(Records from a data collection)
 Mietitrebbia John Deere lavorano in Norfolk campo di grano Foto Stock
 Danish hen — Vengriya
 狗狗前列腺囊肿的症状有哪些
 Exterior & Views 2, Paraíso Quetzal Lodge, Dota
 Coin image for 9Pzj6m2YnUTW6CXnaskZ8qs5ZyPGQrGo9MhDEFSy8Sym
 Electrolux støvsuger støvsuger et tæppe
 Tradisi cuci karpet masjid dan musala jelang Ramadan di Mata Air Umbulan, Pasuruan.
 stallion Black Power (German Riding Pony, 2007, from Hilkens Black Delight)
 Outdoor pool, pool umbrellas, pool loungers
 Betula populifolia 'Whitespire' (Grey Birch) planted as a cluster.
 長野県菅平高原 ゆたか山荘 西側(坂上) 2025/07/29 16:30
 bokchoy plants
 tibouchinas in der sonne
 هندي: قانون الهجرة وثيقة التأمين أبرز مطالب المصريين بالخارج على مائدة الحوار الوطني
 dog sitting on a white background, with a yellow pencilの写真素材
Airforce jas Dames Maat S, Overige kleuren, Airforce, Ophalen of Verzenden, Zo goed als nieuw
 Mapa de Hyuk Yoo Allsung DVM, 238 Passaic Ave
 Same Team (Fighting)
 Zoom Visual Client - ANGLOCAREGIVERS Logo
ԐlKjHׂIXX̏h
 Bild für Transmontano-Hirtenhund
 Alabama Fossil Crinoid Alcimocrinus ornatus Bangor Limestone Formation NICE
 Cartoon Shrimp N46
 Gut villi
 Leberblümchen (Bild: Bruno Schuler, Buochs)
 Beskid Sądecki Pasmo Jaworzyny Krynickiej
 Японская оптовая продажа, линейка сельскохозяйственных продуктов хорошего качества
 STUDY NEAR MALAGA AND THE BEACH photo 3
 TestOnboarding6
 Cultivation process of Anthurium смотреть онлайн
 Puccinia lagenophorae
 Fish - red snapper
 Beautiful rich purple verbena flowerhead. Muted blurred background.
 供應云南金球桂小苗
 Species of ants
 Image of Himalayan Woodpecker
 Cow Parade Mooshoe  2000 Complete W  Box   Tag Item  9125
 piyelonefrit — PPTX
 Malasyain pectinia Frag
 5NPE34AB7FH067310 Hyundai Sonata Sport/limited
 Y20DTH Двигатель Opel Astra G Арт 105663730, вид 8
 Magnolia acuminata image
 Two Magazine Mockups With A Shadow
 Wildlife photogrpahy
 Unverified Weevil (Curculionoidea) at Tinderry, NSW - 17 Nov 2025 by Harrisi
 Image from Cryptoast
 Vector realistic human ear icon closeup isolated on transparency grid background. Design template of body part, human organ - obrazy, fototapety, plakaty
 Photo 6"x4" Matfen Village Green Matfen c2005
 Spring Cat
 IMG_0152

**Activity:**
The line containing "Electrolux støvsuger støvsuger et tæppe" marks the end. Please print exactly every line from the top of the data to it, both included, and nothing more.

**Your solution:**
 Mietitrebbia John Deere lavorano in Norfolk campo di grano Foto Stock
 Danish hen — Vengriya
 狗狗前列腺囊肿的症状有哪些
 Exterior & Views 2, Paraíso Quetzal Lodge, Dota
 Coin image for 9Pzj6m2YnUTW6CXnaskZ8qs5ZyPGQrGo9MhDEFSy8Sym
 Electrolux støvsuger støvsuger et tæppe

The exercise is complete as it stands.